- A mi es que estas cosas me encantan, me dan vida… - me
decía.
A sus sesenta y pico largos años, Bartolomé derrochaba una
energía tremenda. Ya retirado y con sede en Astorga, me hablaba de sus anteriores
viajes como bellos relatos narrados en libros de cuentos, rutas de ensueño
alrededor del mundo, viajes en solitario que solo un valiente podía emprender.
Y tenía muy claro cual iba a ser su próximo destino.
- Argentina, por supuesto. Ya esta todo arreglado. Ahora
tengo más tiempo que antes… ¿tu sabes, no?
Coincidí con él unos cuantos días por el camino. En aquella
ocasión, cuando me contó su historia, nos aproximábamos a Portomarín, una
población que ha crecido a la orilla del río Miño y cuya vieja iglesia de San
Nicolas era dueña del horizonte.
- Esta noche son las fiestas de Portomarín, ¿Estareís en la
plaza, no? – me preguntó mirando también a Manolo.

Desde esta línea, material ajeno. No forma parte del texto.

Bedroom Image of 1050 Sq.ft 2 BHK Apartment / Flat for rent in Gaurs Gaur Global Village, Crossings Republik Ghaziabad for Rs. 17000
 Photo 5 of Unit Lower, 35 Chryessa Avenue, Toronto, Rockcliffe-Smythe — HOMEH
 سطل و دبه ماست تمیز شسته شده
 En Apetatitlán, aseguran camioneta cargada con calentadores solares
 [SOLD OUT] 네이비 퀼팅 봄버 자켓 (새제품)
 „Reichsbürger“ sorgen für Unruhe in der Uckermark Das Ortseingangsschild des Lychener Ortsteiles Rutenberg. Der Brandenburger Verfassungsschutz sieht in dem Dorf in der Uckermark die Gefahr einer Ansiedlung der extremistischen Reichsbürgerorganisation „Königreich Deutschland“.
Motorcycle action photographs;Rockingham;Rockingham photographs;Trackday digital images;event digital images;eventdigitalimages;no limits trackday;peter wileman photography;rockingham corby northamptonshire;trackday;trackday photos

- Por supuesto, allí estaremos – le contesté acompañando las
palabras con una fatigada sonrisa.
Que envidia de energía, pensaba. El camino empezaba a dejar
huella en las piernas y en la espalda, el cansancio se acumulaba y las horas
caminando se hacían más largas. Parecía que nos afectaba a todos… salvó a él.